Lorena led him to the dormer window and silently pushed open the shutters. It was just wide enough to allow Bret’s slender body to pass through. “Once you’re on the sill, darling, you’ll have to edge yourself around until you can reach a branch of the old oak.” She hugged him and felt him tremble in her arms. “Don’t be frightened, Bret. I’ve seen you jump to that branch many times.”

“I’m—I’m not afraid.” He wrapped his thin arms around her neck.

“Promise me you’ll meet your father at the station tomorrow for the eleven o’clock coach.”

Bret wiped back his tears and looked up at her. “I promise, Mother. I know a shortcut to the Reverend’s home. No one will see me.”

Lorena peered through the window. In the front yard, the vigilantes’ unattended horses stood tethered to the posts by the water trough. Thank God there were no more of them waiting outside.

She helped her son on to the sill just as the first axe head cracked through the attic hatch, then another, and another. With strength brought on by fear and supreme determination to live she held onto her only son as long as she could.

Bret took another step and Lorena’s hands no longer touched him. He edged his way along the ledge and in another few moments he was gone from her sight around the cornice as the axe splintered the attic door.

 

Captain Hugh Boland watched Travis Haines check the knot on the noose before throwing the first rope over the gibbet. Cordage this thick could snap a steer’s neck. Better to have it too strong than have it fray and tear before the day was done, because the Lord knew there would be more than enough chances of that today.

The captain took off his hat and wiped the sweat of his hangover from his forehead. At eleven o’clock in the morning, the sun felt too hot for late October.

After the busy night at the McGowan ranch, the air seemed to cling to his skin and not even the faintest breeze stirred to cool his brow. But it had been worth it. Napoleon brandy started the fire down below, and that traitor’s whore kept the flames burnin’ all night.

Haines whistled through his teeth and threw another rope over the long gibbet. A small crowd interested in the proceedings had assembled.

Many of the women turned their eyes this way and that while they fanned themselves. The men checked their timepieces—growing more hot and impatient by the moment—occasionally heckling Haines and the other men on the platform to let them know it.

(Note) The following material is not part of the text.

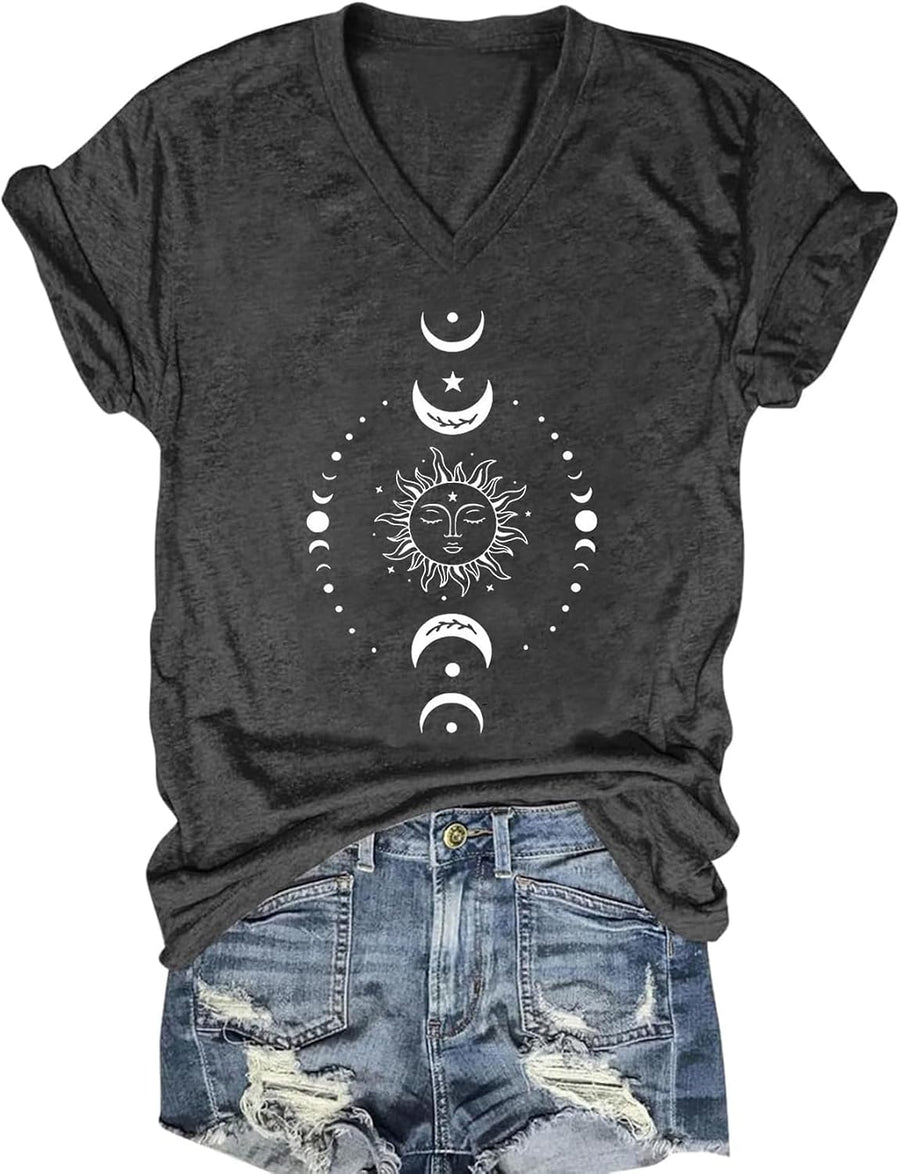 Women's T-Shirts V-Neck Summer Graphic Tee Vintage Boho Flowers Short Sleeve T Shirt Tops - E-dark Gray1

The captain put his hat on and cocked the brim. Folks got to realize. It takes time to make everything just right. He was proud the others had cottoned to his idea of using a butcher’s hoist with a box and plank being rigged for a drop. They all agreed it would speed things up especially when they used ten nooses on the regular gallows.

Haines flung the final rope into place and the captain stepped back, satisfied all preparations were completed.

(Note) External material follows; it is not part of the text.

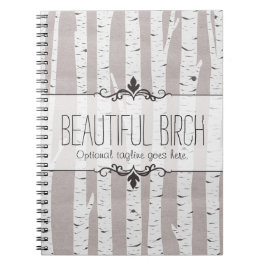 Rustic Birch Wood Trees & Branches Natural Modern Notitieboek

Armed, vigilante guards ordered the first group of bound men and women out of the hay wagon and marched them at gunpoint to the steps of the gallows as more wagons arrived behind the first.

Captain Boland had gone over the list several times. Two hundred men and women from five northern Texas counties would walk up these stairs before sundown. He cut off a fresh plug of tobacco and popped it in his mouth. After he read out each name, Haines slipped a flour sack over the traitor’s head.

The captain knew many of them only by reputation and a few by name and face. He’d never sat down to dinner with any of the men or shared a drink, and even if he did, that wouldn’t have changed a goddamn thing. All slave-lovin’ traitors to the Confederacy and even worse, traitors to Texas.

Captain Boland spat over the edge of the platform. He scratched his sweaty scalp at the back of his neck as he looked down the row of faceless, drooping sacks. Before last month, each one of these fine gentlemen would just as soon have walked in the mud to cross the street than have to say good morning to a half-breed like him. ’Specially the likes of Mr. William McGowan there.